The European Commission’s FP7 PEOPLE PROGRAMME

FORGING IDENTITIES: The Mobility
of Culture in Bronze Age Europe

Initial Training Network ITN 2009-2012

The ITN Forging Identities1 will explore intercultural interaction in Bronze Age Europe – a golden epoch between 3000 and 500 BC with new patterns of social identification, specialised production, complex polities and wide-reaching networks across Europe.

 

  • How did cultural mobility impact on the social life of settlements?

  • How did the movement of people, animals, plants, things, ideas, and knowledge take place and on what scale?

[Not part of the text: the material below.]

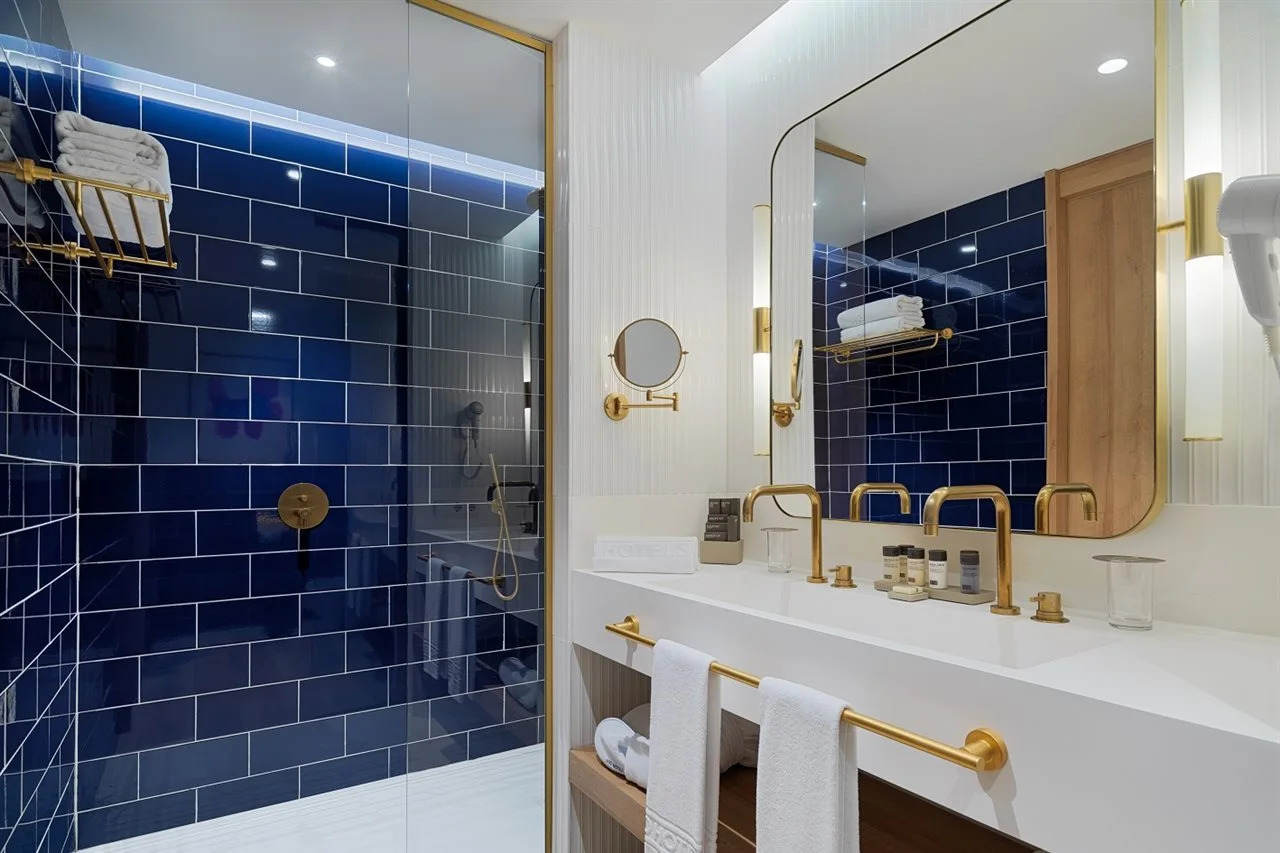 Foto - H10 Porto Poniente 4* Sup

  • How were European and regional identities forged through interaction?

 

These and other questions will be researched by building on European networking and by using a cross-disciplinary methodology combining archaeology, natural science and sociology. This shared platform shall create knowledge of the mobility of people and culture – including the new metal bronze – and insight into the forging of European and regional identities that shaped this remarkable period.


Detailed project description (95 kb)

Backed up by an overall economic framework of almost 3 million € over four years Forging Identities is expected to change current archaeological perspectives from national traditionalism towards transnational and cross-disciplinary engagements.

 

It consists of 7 network partners and 11 associated partners from universities, museums and specific research institutions across Europe. The network partners have considerable capacities in research training and will provide supervision and facilities for 10 ESRs (PhD stipends) and 4 ERs (postdoc stipends) to be employed soonest possible.


Description of training (84 kb)

Network partners will cooperate with each other in organising workshops, training courses, and summer schools.

 

Associated partners will provide extra supervision, field sites, data, and secondments offering specific training facilities in archaeology and front-line sciences. Field schools will take place each summer.